Collectively, that wealth of material captures Hendrix's genius in its first full flowering. The early singles and Are You Experienced?, in particular, provide a striking summation of the lyric dreams and musical schemes that had boiled inside Hendrix during his journeyman years. In his trademark blues "Red House" (featured on the original U.K. edition of Experienced?), he reaffirmed his pride in his black roots with a celebratory vengeance. He also cooked up a volcanic freak beat with the propulsive riffing and head-spinning guitar effects of "Stone Free" (the flip side of "Hey Joe") and "Love or Confusion," reveling in the errant six-string behavior that earlier had made him the bane of conservative R&B bandleaders.
In enduring ballads like "The Wind Cries Mary" and "May This Be Love," Hendrix demonstrated a depth of feeling and ambition often eclipsed by the assaultive force of "Purple Haze" and "Foxey Lady." Combining pastoral melodicism and aqueous electronic effects, he created a music of otherworldly beauty and poignance, coding his deeper torment in introspective dream-speak. The result was a kind of blues in orbit, musically spacious ruminations on loneliness and loss. "The Wind Cries Mary," actually released in its original demo form (Mitchell later claimed subsequent studio versions sounded too sterile), has a lush, inviting quality, like a classic Curtis Mayfield ballad that belies its bittersweet premise: "The traffic lights they burn blue tomorrow/And shine their emptiness down on my bed."
"Burning of the Midnight Lamp" is also a song of startling melancholy, the confessions of a man long separated from his home and family and now left rootless and battered by the pressures of sudden transatlantic fame and the demands of salesmen. Hendrix wrote the song in midair, on a flight from Los Angeles to New York during his first flush of American success in the fall of 1967: "And soon enough the time will tell/About the circus in the wishing well/And someone who will buy and sell for me/Someone who will toll my bell/And I continue to burn the same old lamp, alone."

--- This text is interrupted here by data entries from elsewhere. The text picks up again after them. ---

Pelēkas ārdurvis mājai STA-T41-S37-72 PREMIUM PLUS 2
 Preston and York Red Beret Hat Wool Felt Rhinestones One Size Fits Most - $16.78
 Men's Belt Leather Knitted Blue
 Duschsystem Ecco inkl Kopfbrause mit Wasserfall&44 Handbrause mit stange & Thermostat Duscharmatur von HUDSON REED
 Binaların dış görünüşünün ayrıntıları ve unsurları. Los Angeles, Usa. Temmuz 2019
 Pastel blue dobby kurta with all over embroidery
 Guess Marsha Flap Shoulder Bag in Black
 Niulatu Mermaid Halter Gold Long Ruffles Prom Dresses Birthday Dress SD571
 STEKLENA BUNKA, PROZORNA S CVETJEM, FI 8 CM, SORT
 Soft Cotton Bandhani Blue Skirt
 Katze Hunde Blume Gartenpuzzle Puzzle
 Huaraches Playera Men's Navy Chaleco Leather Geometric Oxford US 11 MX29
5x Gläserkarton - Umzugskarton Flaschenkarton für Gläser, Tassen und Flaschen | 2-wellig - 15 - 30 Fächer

At its core, Hendrix's music was all about the blues. The true power of his genius lay in his musical and lyrical candor. For many of his British admirers, like Clapton, Jeff Beck and Pete Townshend, the blues was a religion, an object of worship and aspiration. For Hendrix it was the substance of life. When he immigrated to England, the career he left behind was distinguished mostly by misunderstanding and rejection. He had been exiled from the R&B mainstream, chastised for being too far out, and as a rocker he was so far underground — playing chump-change gigs in Greenwich Village coffeehouses — that he was unknown even in the evolving psychedelic community.
Stardom allowed Hendrix the freedom, onstage but more importantly in the studio, to give free rein to his troubled muse. The energy and sexual vigor in his music certainly spoke volumes about the joys of his new life. The confusion and desperation so often voiced in his lyrics and lacerating guitar work also testified not only to the lingering pains of his childhood and sideman years but to the wants and fears — physical emotional, musical — that would dog him for the rest of his life.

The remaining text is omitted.